▶ **PROBLEM STATEMENT**
Please give back only the lines below from the one containing "R2 siRNA (h): sc-36338." to the one containing "Xiaomi Mi 11", each repeated word for word, both ends included.

▶ **RECORD EXTRACTS**
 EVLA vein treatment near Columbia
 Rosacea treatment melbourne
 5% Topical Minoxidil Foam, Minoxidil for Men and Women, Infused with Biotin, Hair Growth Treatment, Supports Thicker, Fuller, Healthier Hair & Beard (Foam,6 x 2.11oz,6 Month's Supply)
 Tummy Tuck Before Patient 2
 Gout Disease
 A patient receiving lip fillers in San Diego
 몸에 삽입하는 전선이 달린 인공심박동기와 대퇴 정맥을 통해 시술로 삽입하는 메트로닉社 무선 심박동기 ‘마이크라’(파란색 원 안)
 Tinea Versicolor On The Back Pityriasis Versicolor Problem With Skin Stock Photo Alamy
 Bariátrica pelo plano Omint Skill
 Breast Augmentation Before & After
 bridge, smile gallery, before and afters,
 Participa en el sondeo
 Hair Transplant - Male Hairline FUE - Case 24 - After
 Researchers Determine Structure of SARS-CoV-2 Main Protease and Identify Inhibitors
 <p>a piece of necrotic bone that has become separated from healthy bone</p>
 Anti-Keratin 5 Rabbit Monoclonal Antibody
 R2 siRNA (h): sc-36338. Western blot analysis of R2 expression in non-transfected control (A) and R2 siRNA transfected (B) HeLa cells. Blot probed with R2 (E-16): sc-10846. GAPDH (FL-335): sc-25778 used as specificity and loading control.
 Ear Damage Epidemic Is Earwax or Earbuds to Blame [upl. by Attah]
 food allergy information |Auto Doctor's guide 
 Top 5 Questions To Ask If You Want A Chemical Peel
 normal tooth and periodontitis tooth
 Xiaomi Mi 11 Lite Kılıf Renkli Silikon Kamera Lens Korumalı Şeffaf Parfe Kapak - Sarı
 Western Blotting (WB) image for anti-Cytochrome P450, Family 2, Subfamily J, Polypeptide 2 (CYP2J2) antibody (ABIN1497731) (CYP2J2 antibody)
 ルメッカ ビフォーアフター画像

▶ **OUTPUT**
 R2 siRNA (h): sc-36338. Western blot analysis of R2 expression in non-transfected control (A) and R2 siRNA transfected (B) HeLa cells. Blot probed with R2 (E-16): sc-10846. GAPDH (FL-335): sc-25778 used as specificity and loading control.
 Ear Damage Epidemic Is Earwax or Earbuds to Blame [upl. by Attah]
 food allergy information |Auto Doctor's guide 
 Top 5 Questions To Ask If You Want A Chemical Peel
 normal tooth and periodontitis tooth
 Xiaomi Mi 11 Lite Kılıf Renkli Silikon Kamera Lens Korumalı Şeffaf Parfe Kapak - Sarı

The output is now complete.